How do we emulate you?

I remember you’d get embarrassed when we called you Prof, but to us your followers who knew nothing about university protocols, you remained Prof. I still call the son I named Mangaliso after you and a nephew’s son, also named Mangaliso, Prof. For us the name is a measure of our deep love and respect for you.

We don’t say it with the sarcastic tone of the “young Afrikaner boys”, policemen, who waylaid you at Braamfontein Station when you got off the train from Dube Station in Soweto and always demanded to see your pass every working day. They were hoping that one day they’d catch you when you’d forgotten it at home. It would be a coup for them to arrest “’n geleerde kaffir who taught at the Engelse universiteit”. You never
forgot it at home, and you’d laugh at them. I remember your toothy laugh that rose from your belly.

You could afford a second-class ticket, but you always bought third class and pushed your way into the people’s coach – fuduwa – as they did. You listened to their stories, felt their anger, heard their preaching and their hymns.

I’m writing this note/meditation decades after you led the breakaway from the African National Congress at Orlando Communal Hall in November 1958; decades after you swept me off my feet when you launched the Pan Africanist Congress in the same hall in April 1959, decades after the PAC resolved to launch an Anti-Pass Campaign at its congress in December 1959 and decades after I stood near, oh, so near, you as we entered the Orlando Police Station on the morning of March 21 1960 – the day 69 of us were slaughtered at Sharpeville in the Vaal, including eight women and 10 children, and 180 injured, including 31 women and 19 children.

On that day we, led by you, changed the trajectory of the liberation struggle in this country. Did we really change it?

Sit in a shebeen, ride a taxi to work, sit at a business meeting and you feel the gloom covering our country today.

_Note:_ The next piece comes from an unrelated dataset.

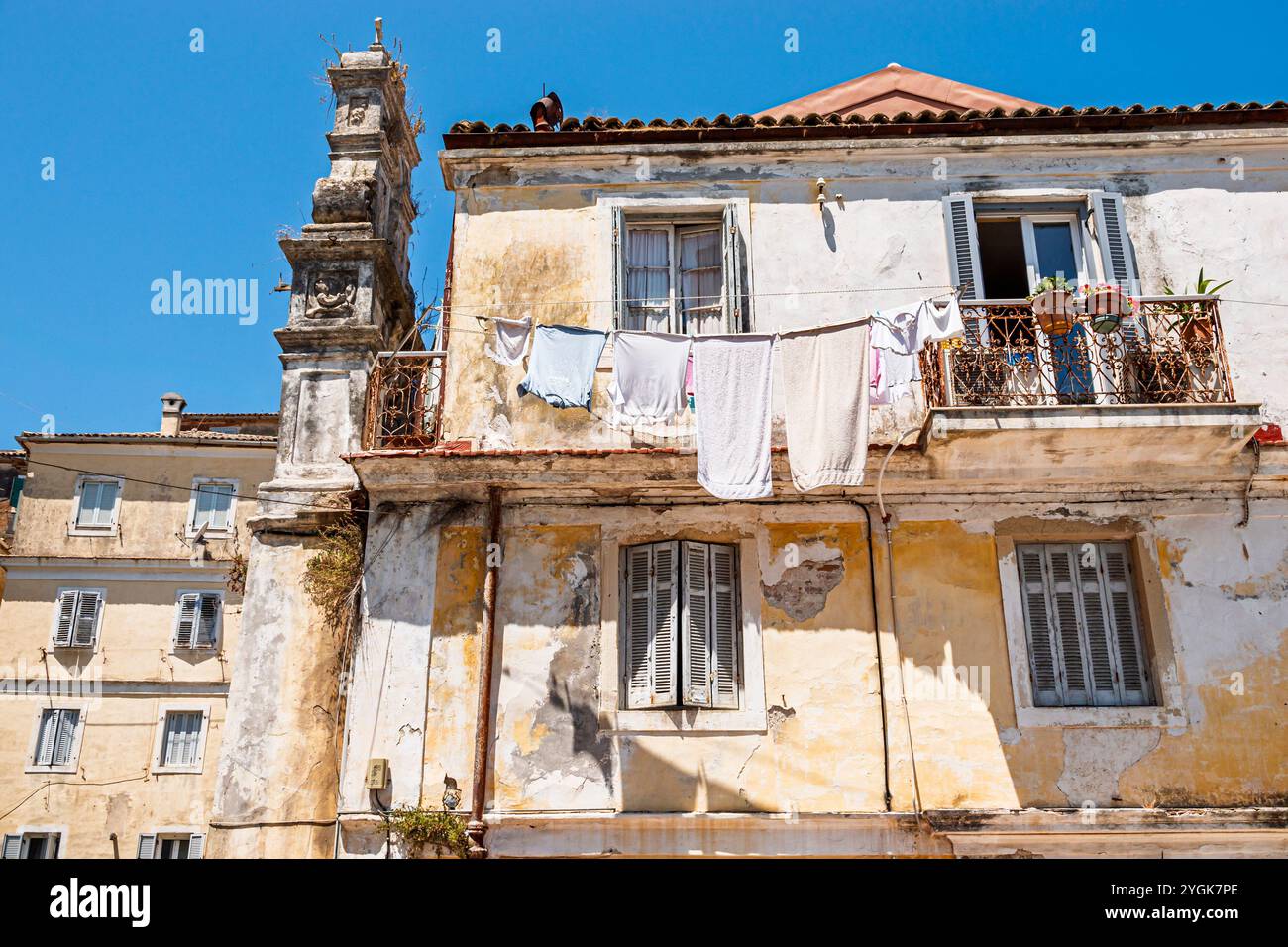 Corfou Grèce, vieille ville Kerkyra Palaio poli, près de la rue Arseniou, extérieur, immeubles résidentiels, blanchisserie suspendue, Europe grecque UE, visito Banque D'Images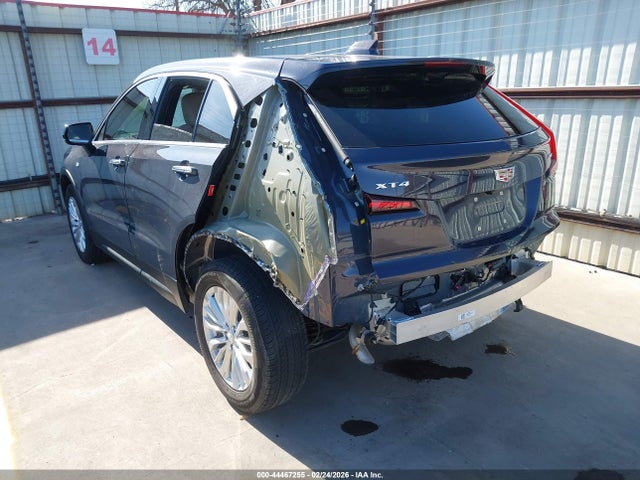 2024 CADILLAC XT4 1GYAZAR41RF135823 Photo 2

The shanty towns of those times – Emaplateni in Orlando or Emasakeni in Moroka – are now spread near and wide around the country.

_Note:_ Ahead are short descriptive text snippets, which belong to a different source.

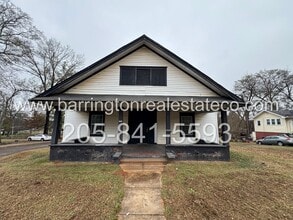 Building Photo - 2828 Dowell Ave SW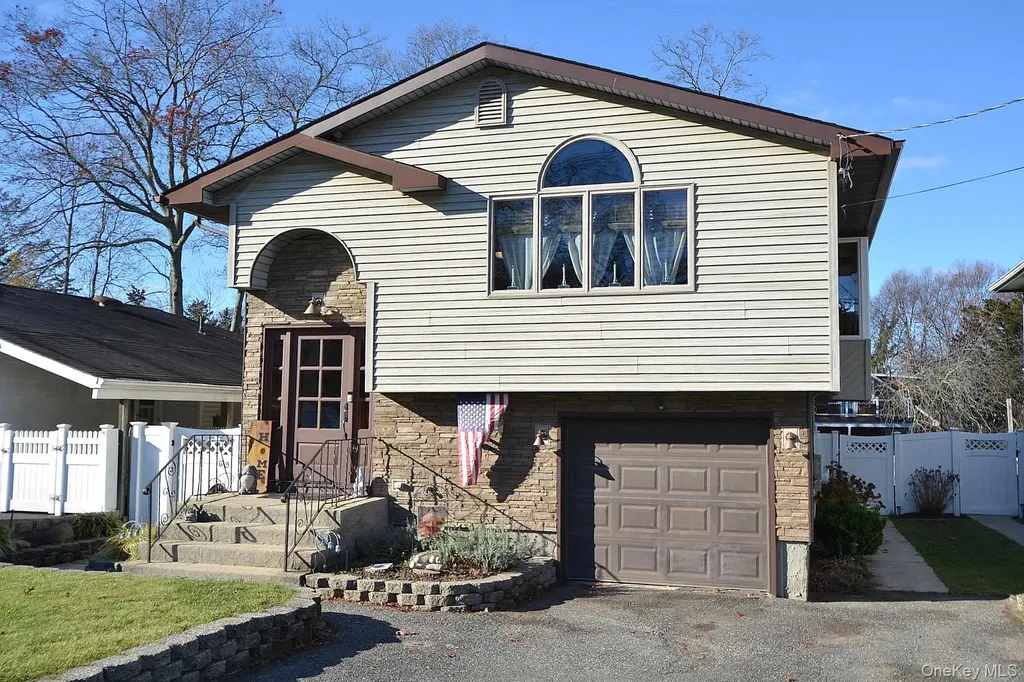 29 Granby Place Ronkonkoma NY 11779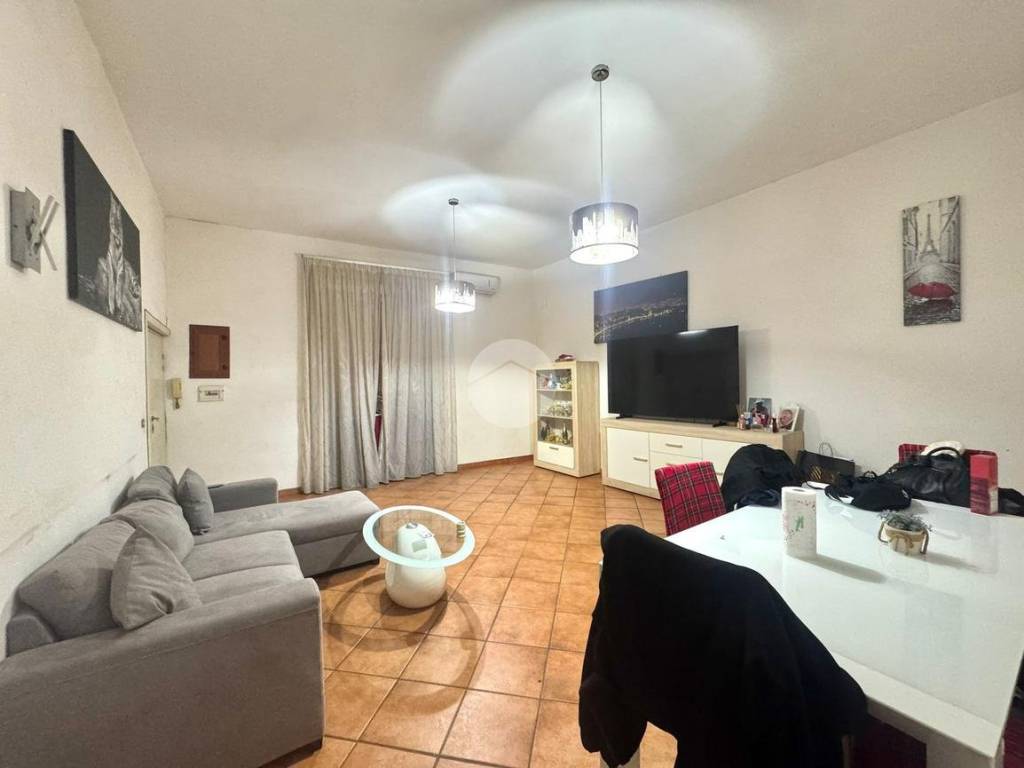 appartamento in vendita a Napoli in zona Stella
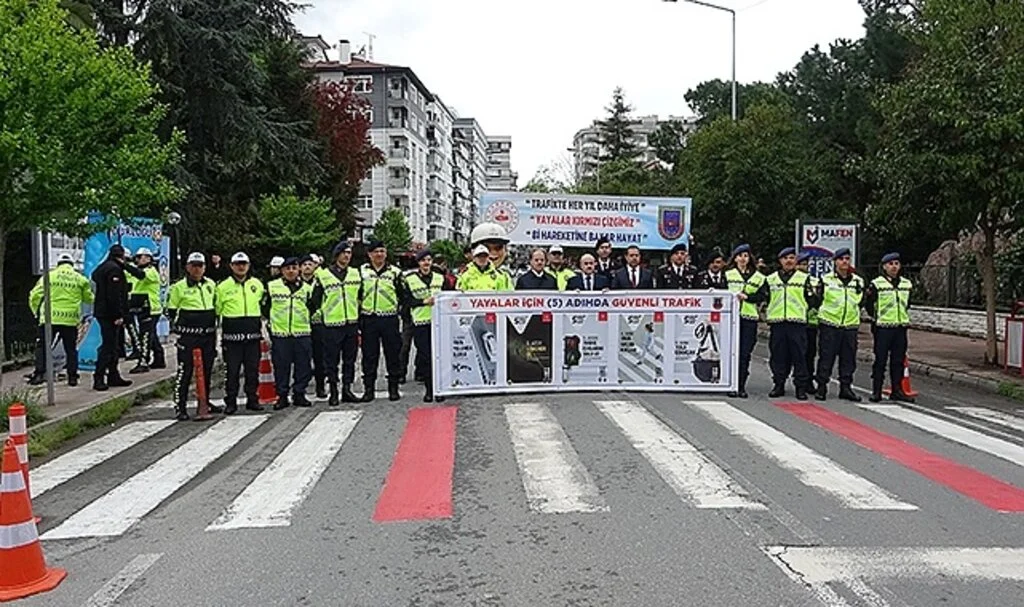 Samsun'da 'Yayalar İçin 5 Adımda Güvenli Trafik' uygulaması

The once-proud Johannesburg has turned into a slum, where cars and taxis have to dodge huge potholes to reach their destination. Headlines in the media scream “CORRUPTION! CORRUPTION!” at every turn.

Poverty is rampant. According to StatsSA more than half of South Africa’s households (57%) are classified as poor and unemployment stands at 33%. The World Bank (2018) says we are the most unequal country with the Gini Coefficient on income inequality hovering between .66 and .67.

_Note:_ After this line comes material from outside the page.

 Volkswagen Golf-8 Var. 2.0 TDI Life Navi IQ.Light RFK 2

This is not what you sacrificed your life for. What went wrong with the revolution?

This note addressed to you, this meditation, surfaces two speeches, one by you and the other by your tormentor, John Vorster, who was styled “the Minister of Justice” at the time.


According to your lifelong friend, Dennis Siwisa, you once told your fellow students at Fort Hare University, what you understood about leadership:

“True leadership demands complete subjugation of self, absolute honesty, integrity and uprightness of character and fearlessness, and above all, a consuming love of one’s people.”

These words are now inscribed on your tombstone at a cemetery in Graff Reinert. They describe perfectly the Sobukwe I knew: who sacrificed his life, his career, and his family – all because of his love for his people.

Even Vorster was scared by your commitment: he described you as “a man with a magnetic personality, great organising ability and a divine sense of his mission”.

What would have happened post 1994 if South Africa had adopted the values you stood for? Of course, we still mouth them in our national constitution, but have not grabbed them and lived them.

The new elite is not different from the apartheid oppressors. It’s a world of scarcity… I should hoard whatever I can for myself and perhaps for my children. The devil takes the hindmost.

Son of the soil, how do we get back to the consuming love of our people? Actually, feel the love and embrace it – go beyond the slogans of Batho Pele.